### Work required
Every entry must be given again exactly.

======

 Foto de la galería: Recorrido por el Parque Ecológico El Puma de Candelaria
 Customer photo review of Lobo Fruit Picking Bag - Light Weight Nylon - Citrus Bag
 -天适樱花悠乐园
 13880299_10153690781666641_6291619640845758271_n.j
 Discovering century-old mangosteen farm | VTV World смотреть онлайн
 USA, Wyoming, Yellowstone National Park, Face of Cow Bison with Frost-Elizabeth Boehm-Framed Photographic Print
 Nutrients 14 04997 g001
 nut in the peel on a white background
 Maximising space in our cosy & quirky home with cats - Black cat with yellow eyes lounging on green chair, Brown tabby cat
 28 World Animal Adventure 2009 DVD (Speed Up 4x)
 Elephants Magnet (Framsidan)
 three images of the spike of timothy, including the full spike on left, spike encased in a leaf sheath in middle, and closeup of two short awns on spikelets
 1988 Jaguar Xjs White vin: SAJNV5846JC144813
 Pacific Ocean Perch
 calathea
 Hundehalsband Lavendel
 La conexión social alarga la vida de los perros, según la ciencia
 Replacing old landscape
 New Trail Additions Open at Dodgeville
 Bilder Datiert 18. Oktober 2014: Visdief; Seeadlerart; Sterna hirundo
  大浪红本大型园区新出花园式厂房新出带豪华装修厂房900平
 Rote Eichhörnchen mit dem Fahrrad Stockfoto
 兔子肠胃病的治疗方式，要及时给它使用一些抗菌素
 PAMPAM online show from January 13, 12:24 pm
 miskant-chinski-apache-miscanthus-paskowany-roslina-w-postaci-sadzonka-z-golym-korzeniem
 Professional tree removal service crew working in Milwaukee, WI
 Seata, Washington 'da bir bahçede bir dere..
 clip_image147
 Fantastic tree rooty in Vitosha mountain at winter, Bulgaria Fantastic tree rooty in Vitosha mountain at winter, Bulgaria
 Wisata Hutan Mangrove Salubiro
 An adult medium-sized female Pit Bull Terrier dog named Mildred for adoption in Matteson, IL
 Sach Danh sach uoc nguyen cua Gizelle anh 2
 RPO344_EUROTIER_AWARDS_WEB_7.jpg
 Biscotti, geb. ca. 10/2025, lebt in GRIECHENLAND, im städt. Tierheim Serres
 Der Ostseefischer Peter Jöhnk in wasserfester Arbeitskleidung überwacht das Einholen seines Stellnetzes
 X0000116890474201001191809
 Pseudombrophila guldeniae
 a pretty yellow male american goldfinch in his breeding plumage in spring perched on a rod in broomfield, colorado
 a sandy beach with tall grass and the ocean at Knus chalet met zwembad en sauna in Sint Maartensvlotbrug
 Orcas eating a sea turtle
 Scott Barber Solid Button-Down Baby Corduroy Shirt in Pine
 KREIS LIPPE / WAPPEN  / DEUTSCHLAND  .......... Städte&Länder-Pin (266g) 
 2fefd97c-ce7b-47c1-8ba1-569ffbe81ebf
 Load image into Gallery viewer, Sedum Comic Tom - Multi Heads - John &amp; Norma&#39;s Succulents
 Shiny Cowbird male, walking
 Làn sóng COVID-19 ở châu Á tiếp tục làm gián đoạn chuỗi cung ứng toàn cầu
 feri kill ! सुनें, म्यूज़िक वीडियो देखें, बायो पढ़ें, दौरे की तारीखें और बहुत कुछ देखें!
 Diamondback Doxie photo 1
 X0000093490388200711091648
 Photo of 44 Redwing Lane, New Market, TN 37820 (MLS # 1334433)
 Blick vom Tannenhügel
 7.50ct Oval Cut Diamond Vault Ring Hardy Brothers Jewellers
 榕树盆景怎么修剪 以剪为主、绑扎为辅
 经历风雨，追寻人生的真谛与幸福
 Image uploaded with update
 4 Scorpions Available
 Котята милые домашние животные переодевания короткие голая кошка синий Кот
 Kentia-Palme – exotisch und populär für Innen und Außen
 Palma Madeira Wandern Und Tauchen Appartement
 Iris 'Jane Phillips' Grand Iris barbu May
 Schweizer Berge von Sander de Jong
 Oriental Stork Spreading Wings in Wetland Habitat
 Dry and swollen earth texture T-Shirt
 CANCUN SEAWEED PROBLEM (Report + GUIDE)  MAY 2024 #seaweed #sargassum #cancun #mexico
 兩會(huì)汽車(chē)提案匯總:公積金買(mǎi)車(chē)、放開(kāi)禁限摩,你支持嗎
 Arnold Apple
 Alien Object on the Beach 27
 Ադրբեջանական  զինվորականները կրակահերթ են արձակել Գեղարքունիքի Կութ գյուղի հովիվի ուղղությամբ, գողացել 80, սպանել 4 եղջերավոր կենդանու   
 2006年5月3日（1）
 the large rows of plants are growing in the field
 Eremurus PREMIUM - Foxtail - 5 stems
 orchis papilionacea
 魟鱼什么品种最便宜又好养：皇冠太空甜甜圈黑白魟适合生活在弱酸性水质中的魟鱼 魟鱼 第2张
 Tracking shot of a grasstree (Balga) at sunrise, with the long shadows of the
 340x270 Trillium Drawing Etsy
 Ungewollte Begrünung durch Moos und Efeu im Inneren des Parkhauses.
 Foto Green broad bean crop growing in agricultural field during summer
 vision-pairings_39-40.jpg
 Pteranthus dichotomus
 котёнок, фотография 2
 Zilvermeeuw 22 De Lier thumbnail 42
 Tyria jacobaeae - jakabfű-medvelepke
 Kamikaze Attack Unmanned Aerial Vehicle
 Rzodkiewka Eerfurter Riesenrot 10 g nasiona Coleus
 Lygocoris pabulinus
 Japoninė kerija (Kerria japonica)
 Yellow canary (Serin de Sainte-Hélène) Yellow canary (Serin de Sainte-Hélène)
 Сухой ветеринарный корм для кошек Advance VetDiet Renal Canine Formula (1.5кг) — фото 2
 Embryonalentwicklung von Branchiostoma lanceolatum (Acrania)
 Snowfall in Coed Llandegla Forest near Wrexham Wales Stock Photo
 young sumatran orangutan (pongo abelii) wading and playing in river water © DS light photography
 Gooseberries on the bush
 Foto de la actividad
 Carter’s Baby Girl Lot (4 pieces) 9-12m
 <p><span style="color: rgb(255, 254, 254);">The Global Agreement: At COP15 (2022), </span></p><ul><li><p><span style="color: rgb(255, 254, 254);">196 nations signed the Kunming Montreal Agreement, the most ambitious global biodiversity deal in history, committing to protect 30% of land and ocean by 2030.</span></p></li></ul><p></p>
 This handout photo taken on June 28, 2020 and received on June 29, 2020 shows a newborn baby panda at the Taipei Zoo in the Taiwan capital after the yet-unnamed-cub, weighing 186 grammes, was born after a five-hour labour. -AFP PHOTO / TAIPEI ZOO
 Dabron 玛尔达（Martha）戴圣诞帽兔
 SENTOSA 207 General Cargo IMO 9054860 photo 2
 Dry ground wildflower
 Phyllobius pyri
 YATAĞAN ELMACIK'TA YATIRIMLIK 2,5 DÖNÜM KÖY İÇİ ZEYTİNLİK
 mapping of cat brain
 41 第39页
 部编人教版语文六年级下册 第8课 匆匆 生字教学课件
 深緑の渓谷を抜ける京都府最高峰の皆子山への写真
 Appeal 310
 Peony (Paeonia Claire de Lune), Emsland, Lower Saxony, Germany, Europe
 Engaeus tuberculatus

======

### Finished exercise
 Foto de la galería: Recorrido por el Parque Ecológico El Puma de Candelaria
 Customer photo review of Lobo Fruit Picking Bag - Light Weight Nylon - Citrus Bag
 -天适樱花悠乐园
 13880299_10153690781666641_6291619640845758271_n.j
 Discovering century-old mangosteen farm | VTV World смотреть онлайн
 USA, Wyoming, Yellowstone National Park, Face of Cow Bison with Frost-Elizabeth Boehm-Framed Photographic Print
 Nutrients 14 04997 g001
 nut in the peel on a white background
 Maximising space in our cosy & quirky home with cats - Black cat with yellow eyes lounging on green chair, Brown tabby cat
 28 World Animal Adventure 2009 DVD (Speed Up 4x)
 Elephants Magnet (Framsidan)
 three images of the spike of timothy, including the full spike on left, spike encased in a leaf sheath in middle, and closeup of two short awns on spikelets
 1988 Jaguar Xjs White vin: SAJNV5846JC144813
 Pacific Ocean Perch
 calathea
 Hundehalsband Lavendel
 La conexión social alarga la vida de los perros, según la ciencia
 Replacing old landscape
 New Trail Additions Open at Dodgeville
 Bilder Datiert 18. Oktober 2014: Visdief; Seeadlerart; Sterna hirundo
  大浪红本大型园区新出花园式厂房新出带豪华装修厂房900平
 Rote Eichhörnchen mit dem Fahrrad Stockfoto
 兔子肠胃病的治疗方式，要及时给它使用一些抗菌素
 PAMPAM online show from January 13, 12:24 pm
 miskant-chinski-apache-miscanthus-paskowany-roslina-w-postaci-sadzonka-z-golym-korzeniem
 Professional tree removal service crew working in Milwaukee, WI
 Seata, Washington 'da bir bahçede bir dere..
 clip_image147
 Fantastic tree rooty in Vitosha mountain at winter, Bulgaria Fantastic tree rooty in Vitosha mountain at winter, Bulgaria
 Wisata Hutan Mangrove Salubiro
 An adult medium-sized female Pit Bull Terrier dog named Mildred for adoption in Matteson, IL
 Sach Danh sach uoc nguyen cua Gizelle anh 2
 RPO344_EUROTIER_AWARDS_WEB_7.jpg
 Biscotti, geb. ca. 10/2025, lebt in GRIECHENLAND, im städt. Tierheim Serres
 Der Ostseefischer Peter Jöhnk in wasserfester Arbeitskleidung überwacht das Einholen seines Stellnetzes
 X0000116890474201001191809
 Pseudombrophila guldeniae
 a pretty yellow male american goldfinch in his breeding plumage in spring perched on a rod in broomfield, colorado
 a sandy beach with tall grass and the ocean at Knus chalet met zwembad en sauna in Sint Maartensvlotbrug
 Orcas eating a sea turtle
 Scott Barber Solid Button-Down Baby Corduroy Shirt in Pine
 KREIS LIPPE / WAPPEN  / DEUTSCHLAND  .......... Städte&Länder-Pin (266g) 
 2fefd97c-ce7b-47c1-8ba1-569ffbe81ebf
 Load image into Gallery viewer, Sedum Comic Tom - Multi Heads - John &amp; Norma&#39;s Succulents
 Shiny Cowbird male, walking
 Làn sóng COVID-19 ở châu Á tiếp tục làm gián đoạn chuỗi cung ứng toàn cầu
 feri kill ! सुनें, म्यूज़िक वीडियो देखें, बायो पढ़ें, दौरे की तारीखें और बहुत कुछ देखें!
 Diamondback Doxie photo 1
 X0000093490388200711091648
 Photo of 44 Redwing Lane, New Market, TN 37820 (MLS # 1334433)
 Blick vom Tannenhügel
 7.50ct Oval Cut Diamond Vault Ring Hardy Brothers Jewellers
 榕树盆景怎么修剪 以剪为主、绑扎为辅
 经历风雨，追寻人生的真谛与幸福
 Image uploaded with update
 4 Scorpions Available
 Котята милые домашние животные переодевания короткие голая кошка синий Кот
 Kentia-Palme – exotisch und populär für Innen und Außen
 Palma Madeira Wandern Und Tauchen Appartement
 Iris 'Jane Phillips' Grand Iris barbu May
 Schweizer Berge von Sander de Jong
 Oriental Stork Spreading Wings in Wetland Habitat
 Dry and swollen earth texture T-Shirt
 CANCUN SEAWEED PROBLEM (Report + GUIDE)  MAY 2024 #seaweed #sargassum #cancun #mexico
 兩會(huì)汽車(chē)提案匯總:公積金買(mǎi)車(chē)、放開(kāi)禁限摩,你支持嗎
 Arnold Apple
 Alien Object on the Beach 27
 Ադրբեջանական  զինվորականները կրակահերթ են արձակել Գեղարքունիքի Կութ գյուղի հովիվի ուղղությամբ, գողացել 80, սպանել 4 եղջերավոր կենդանու   
 2006年5月3日（1）
 the large rows of plants are growing in the field
 Eremurus PREMIUM - Foxtail - 5 stems
 orchis papilionacea
 魟鱼什么品种最便宜又好养：皇冠太空甜甜圈黑白魟适合生活在弱酸性水质中的魟鱼 魟鱼 第2张
 Tracking shot of a grasstree (Balga) at sunrise, with the long shadows of the
 340x270 Trillium Drawing Etsy
 Ungewollte Begrünung durch Moos und Efeu im Inneren des Parkhauses.
 Foto Green broad bean crop growing in agricultural field during summer
 vision-pairings_39-40.jpg
 Pteranthus dichotomus
 котёнок, фотография 2
 Zilvermeeuw 22 De Lier thumbnail 42
 Tyria jacobaeae - jakabfű-medvelepke
 Kamikaze Attack Unmanned Aerial Vehicle
 Rzodkiewka Eerfurter Riesenrot 10 g nasiona Coleus
 Lygocoris pabulinus
 Japoninė kerija (Kerria japonica)
 Yellow canary (Serin de Sainte-Hélène) Yellow canary (Serin de Sainte-Hélène)
 Сухой ветеринарный корм для кошек Advance VetDiet Renal Canine Formula (1.5кг) — фото 2
 Embryonalentwicklung von Branchiostoma lanceolatum (Acrania)
 Snowfall in Coed Llandegla Forest near Wrexham Wales Stock Photo
 young sumatran orangutan (pongo abelii) wading and playing in river water © DS light photography
 Gooseberries on the bush
 Foto de la actividad
 Carter’s Baby Girl Lot (4 pieces) 9-12m
 <p><span style="color: rgb(255, 254, 254);">The Global Agreement: At COP15 (2022), </span></p><ul><li><p><span style="color: rgb(255, 254, 254);">196 nations signed the Kunming Montreal Agreement, the most ambitious global biodiversity deal in history, committing to protect 30% of land and ocean by 2030.</span></p></li></ul><p></p>
 This handout photo taken on June 28, 2020 and received on June 29, 2020 shows a newborn baby panda at the Taipei Zoo in the Taiwan capital after the yet-unnamed-cub, weighing 186 grammes, was born after a five-hour labour. -AFP PHOTO / TAIPEI ZOO
 Dabron 玛尔达（Martha）戴圣诞帽兔
 SENTOSA 207 General Cargo IMO 9054860 photo 2
 Dry ground wildflower
 Phyllobius pyri
 YATAĞAN ELMACIK'TA YATIRIMLIK 2,5 DÖNÜM KÖY İÇİ ZEYTİNLİK
 mapping of cat brain
 41 第39页
 部编人教版语文六年级下册 第8课 匆匆 生字教学课件
 深緑の渓谷を抜ける京都府最高峰の皆子山への写真
 Appeal 310
 Peony (Paeonia Claire de Lune), Emsland, Lower Saxony, Germany, Europe
 Engaeus tuberculatus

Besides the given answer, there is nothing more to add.